Depuis, Fabrice a repris une ferme, ailleurs, et intégré une coopérative. Il avait bien tenté de travailler quelques mois dans les travaux publics : "des journées finies à 17 heures, trois jours de repos par semaine, cinq semaines de congés," mais il s'ennuyait, dit-il. "Le travail dehors et les bêtes me manquaient".

Les gendarmes au secours des paysans

Les agriculteurs se font parfois littéralement razzier dit le Figaro. C'est en page événement. On est loin du chapardage de fraises ou de mirabelles. Dans le Puy de Dôme, par exemple, un maraîcher converti au bio s'est réveillé un matin en réalisant qu'on avait fauché, au sens littéral du terme, dix hectares de son foin. 

En Loire Atlantique, des moutons ont été volés par troupeaux entiers : 350 bêtes en moins d'un an, ont compté les éleveurs. En Lorraine, en Bretagne, en Aquitaine... on ne compte plus les vols de tracteurs, dont certains valent plus de 10 000 euros pièce. 

Il y a aussi les vols ciblés : un gang en provenance de Lituanie se serait spécialisé dans les GPS qui équipent le matériel agricole, des ordinateurs embarqués très perfectionnés et onéreux. L'Office de lutte contre la délinquance itinérante en a déjà récupéré une cinquantaine.

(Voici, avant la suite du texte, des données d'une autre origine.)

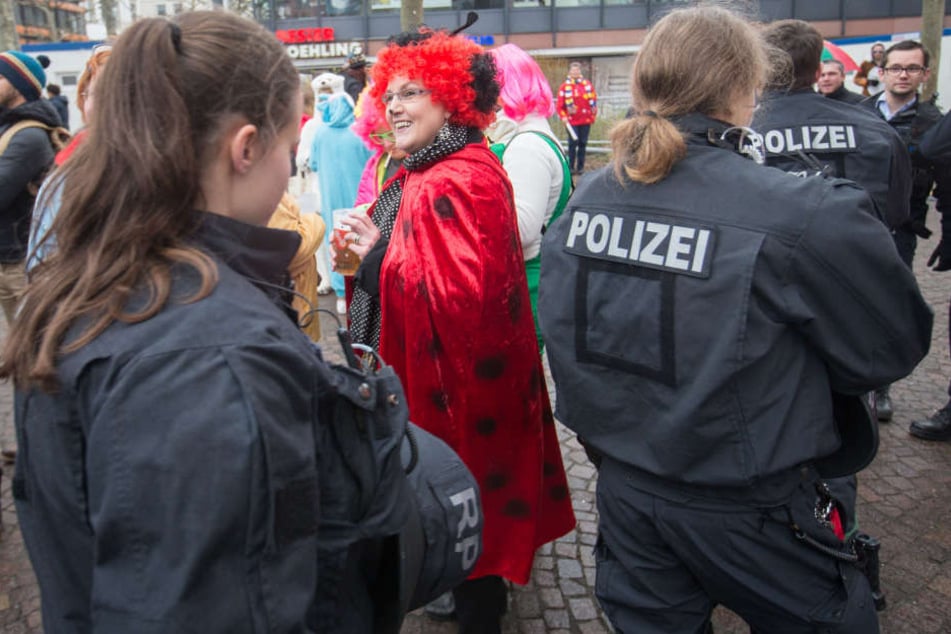 Polizisten bei einem Umzug. (Symbolbild)
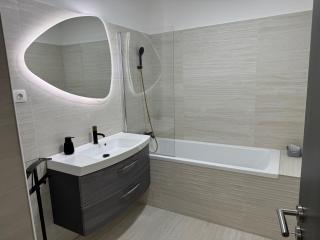 Pécs Central Elite Modern Apartman - 9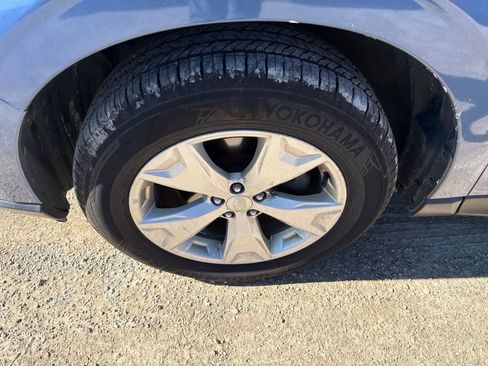 Used 2015 Subaru Forester 2.5i Premium w/ All-Weather Package AWD/4WD image 6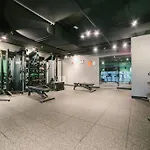 Gold Coast Lavish Home W/ Roof Pool & Gym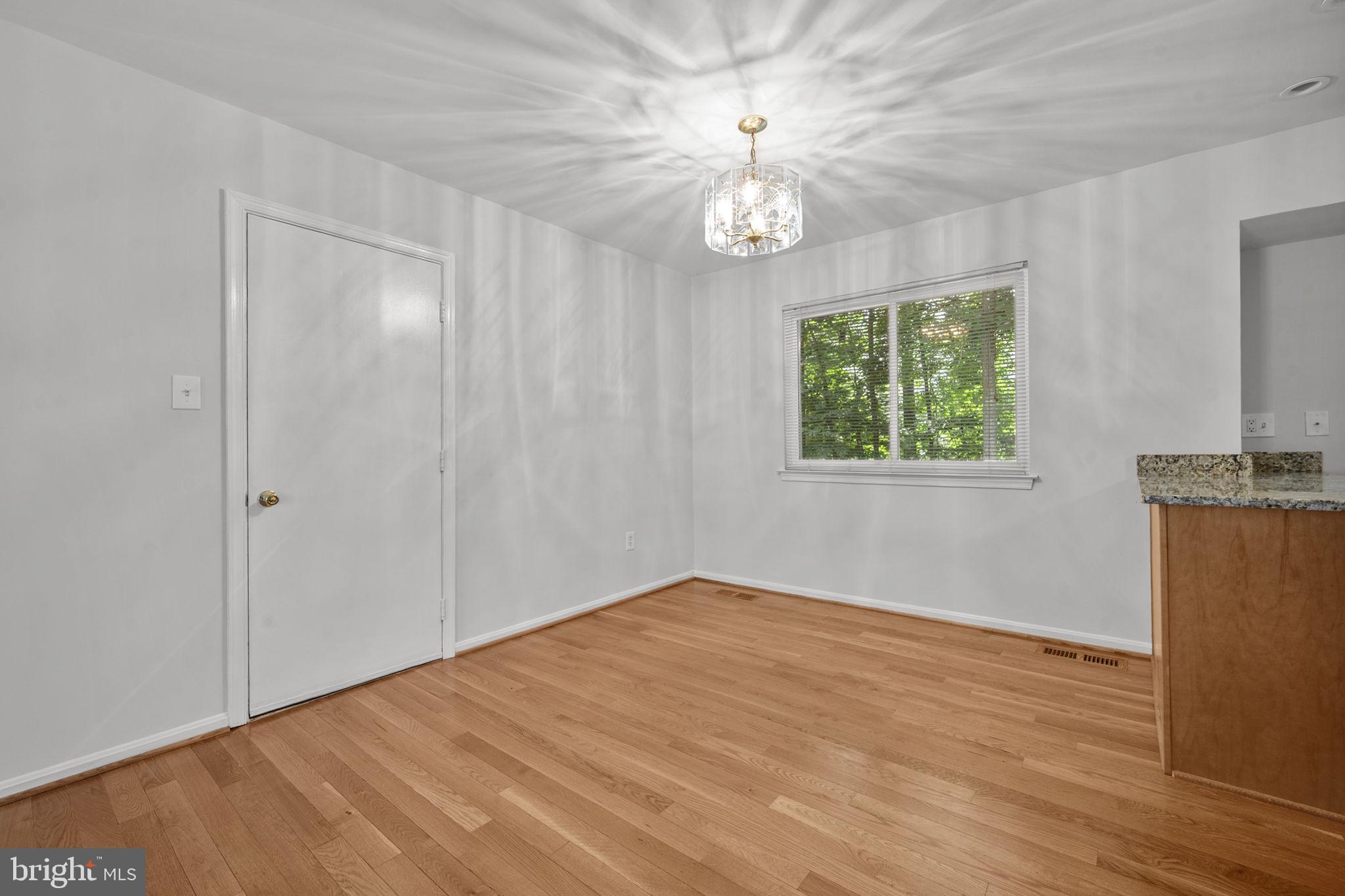 2422 Ivywood Road Reston, VA 20191 - Photo 15 of 72 Dining Area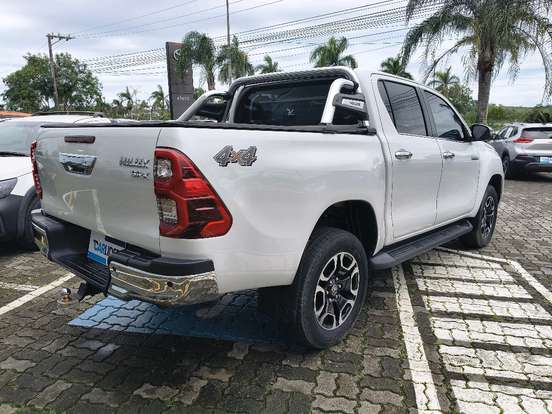 TOYOTA-HILUX-2.8 D-4D TURBO DIESEL CD SRX 4X4 AUTOMÁTICO TOYOTA-HILUX-2023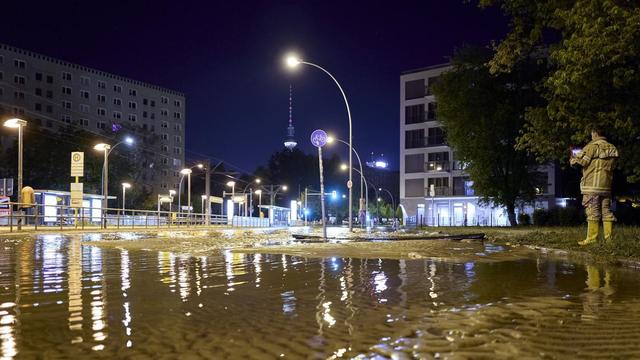 Überschwemmte Straßen nach Rohrbruch in der Hauptstadt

Il faut dire que la gendarmerie a pris le problème à bras le corps avec une cellule dédiée qui s'est rodée pendant des mois avant de se déployer. Elle s'appelle Démeter, du nom de la déesse des moissons, comme un meilleur présage. Mais avec 437 000 exploitations à surveiller... 

Les agriculteurs toujours, et... le speed dating 

Un speed-dating qui est un job-dating. Les besoins de main d'œuvre dans le secteur ne font que s'accentuer et la situation est parfois préoccupante comme dans les exploitations de tomates et de carottes de la Manche ou certains mettent la clé sous la porte. On recherche toujours des ouvriers agricoles pour les vergers et le maraîchage, mais aussi des conducteurs d'engins et des postes dans les nouveaux métiers liés à la vente directe - conditionneurs ou vendeurs et encore des guides pour l'oenotourisme, un secteur en plein essor.

Et comme le disent les chambres d'agriculture, l'image du type avec son béret qui balaie la cour de la ferme, c'est fini. Aujourd'hui il faut des cerveaux et du personnel qualifié, notamment en culture bio qui se développe aussi. En tout 70 000 postes en CDD ou CDI sont a pourvoir.

Qu'est ce que c'est que cette Red Team dans l'Express ? 

C'est une équipe qui travaille sur trois scénarios catastrophe. Dans le premier, il n'y a plus ni pétrole ni gaz sur terre et des machines intelligentes se battent pour prendre le contrôle  les nouvelles ressources. Dans le deuxième, des multinationales gèrent des milices qui  dictent leur lois à des états affaiblis. Dans le troisième, la hausse des température a déclenché d'effroyables guerres climatiques tout autour du globe. 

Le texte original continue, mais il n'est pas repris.